Stored data:
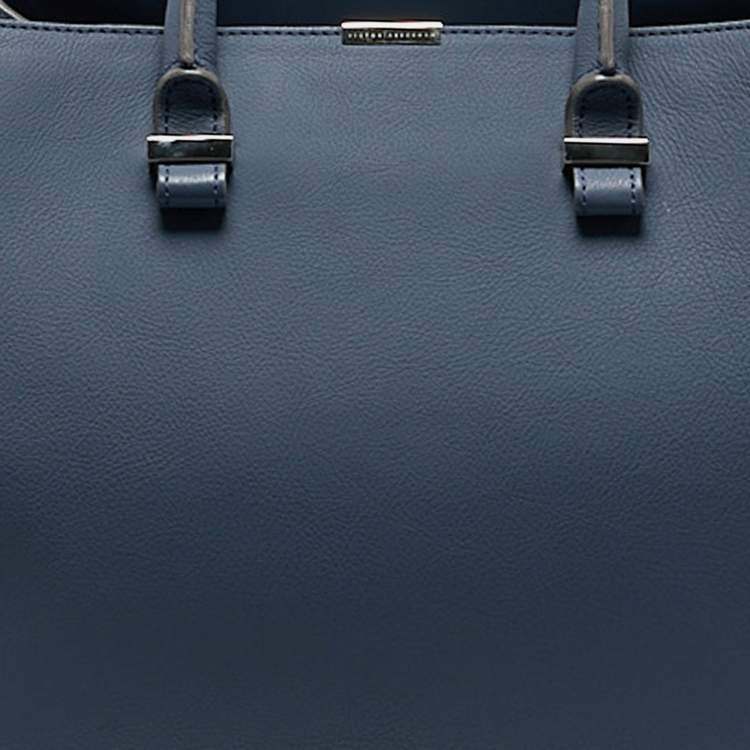 Pre Owned Victoria Beckham Blue Leather Liberty Tote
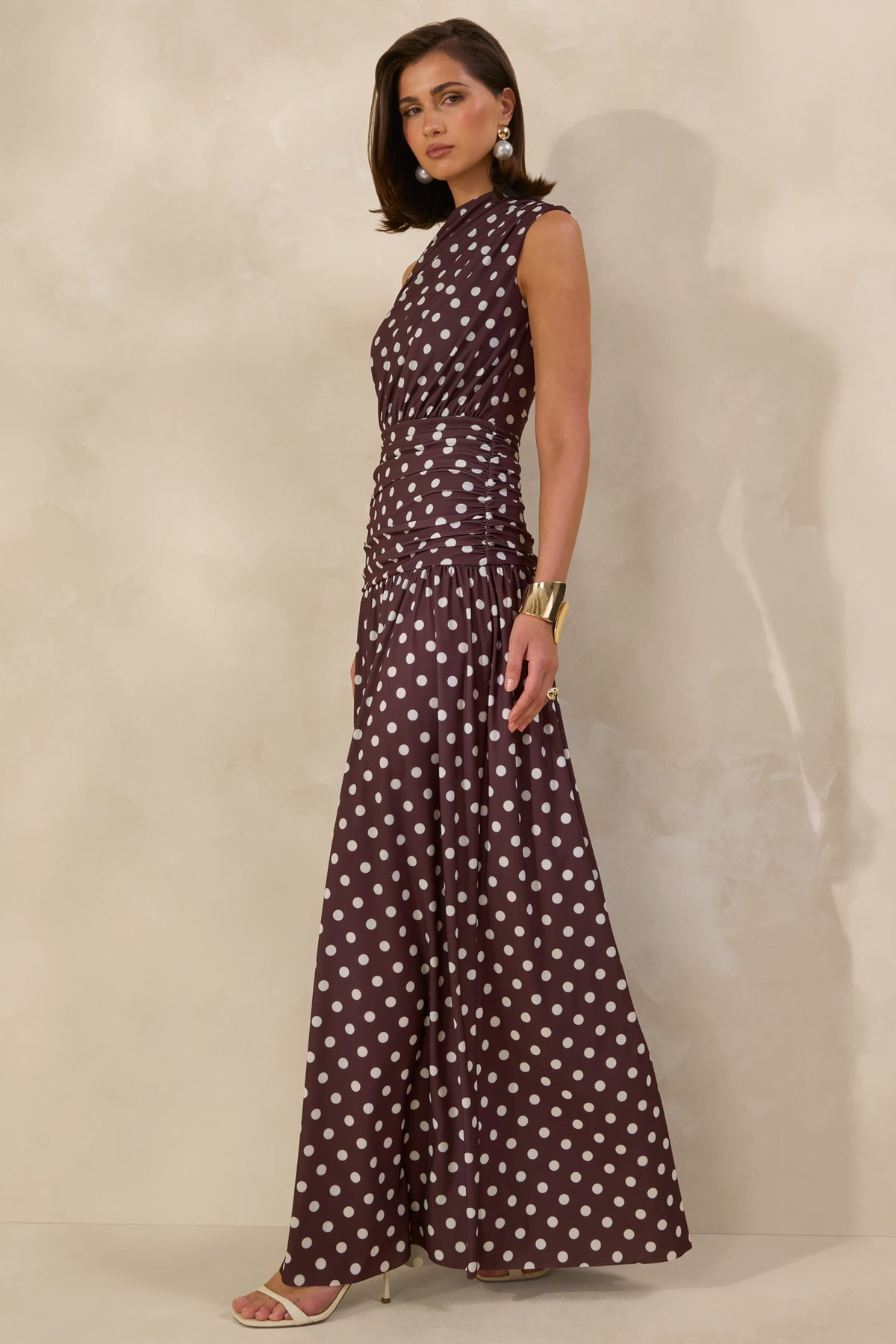Kelis | Brown Polka Dot Print Jersey High Neck Maxi Dress With Gathered Detailing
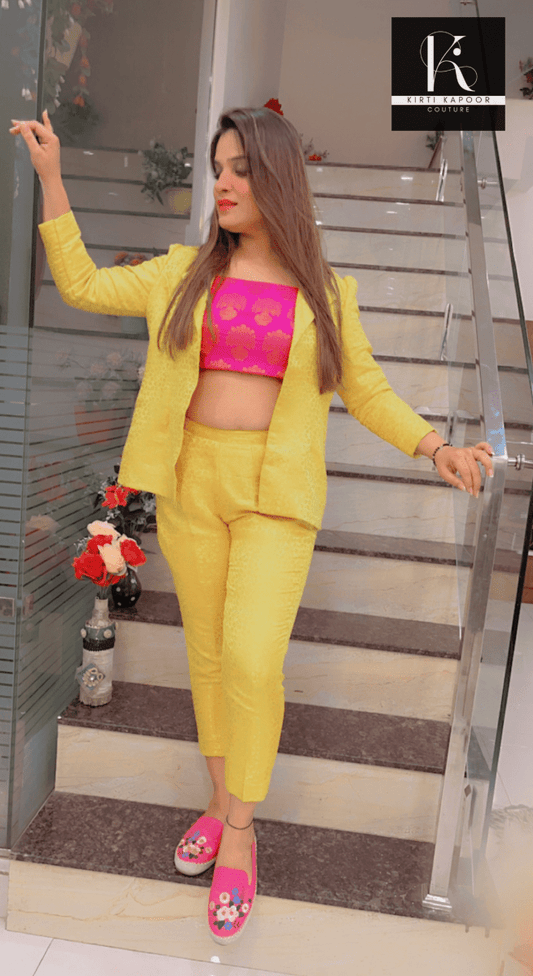 Yellow - Pink Brocade Co - ord Set - Kirti Kapoor Couture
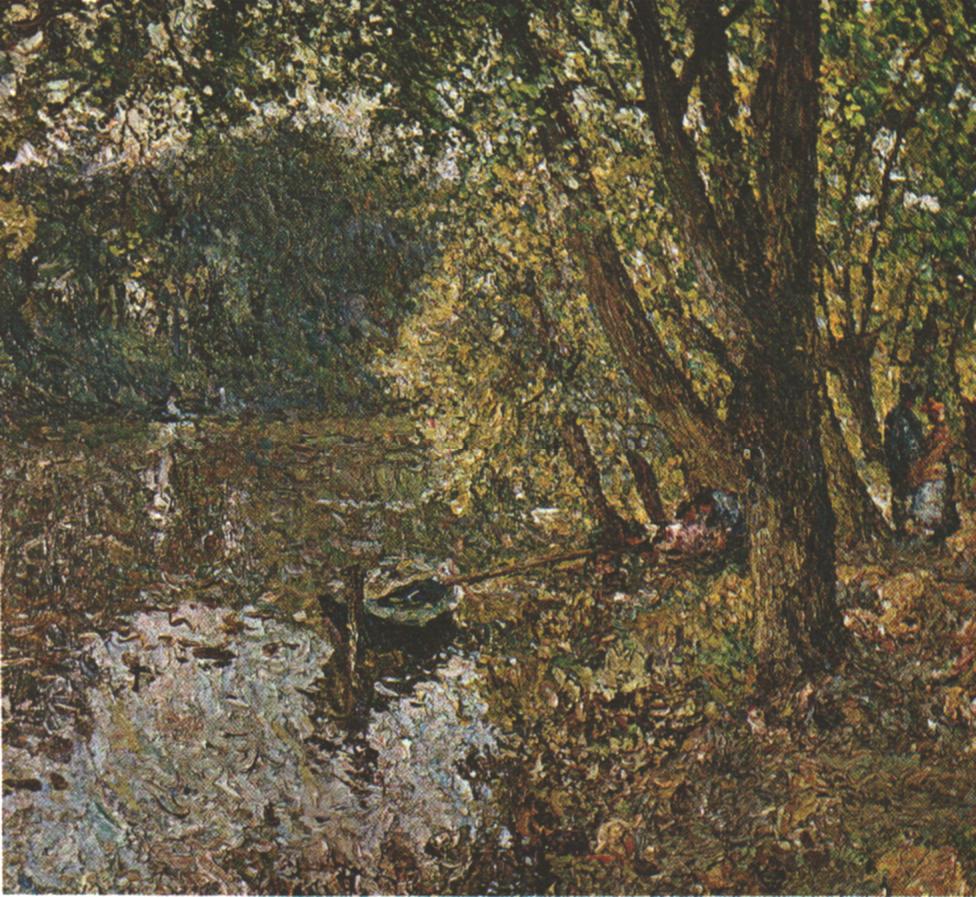 Under the trees at the edge of the Oise, vintage artwork by Emilio Boggio, 12x8" (A4) Poster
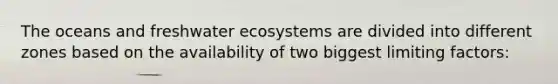 The oceans and freshwater ecosystems are divided into different zones based on the availability of two biggest limiting factors:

__What you are asked to do__. Among the entries above, find the line with "Yellow - Pink" and repeat exactly from there through the line with "Under the trees", leaving out the pictures.

__Exercise result__.
 Yellow - Pink Brocade Co - ord Set - Kirti Kapoor Couture
 Under the trees at the edge of the Oise, vintage artwork by Emilio Boggio, 12x8" (A4) Poster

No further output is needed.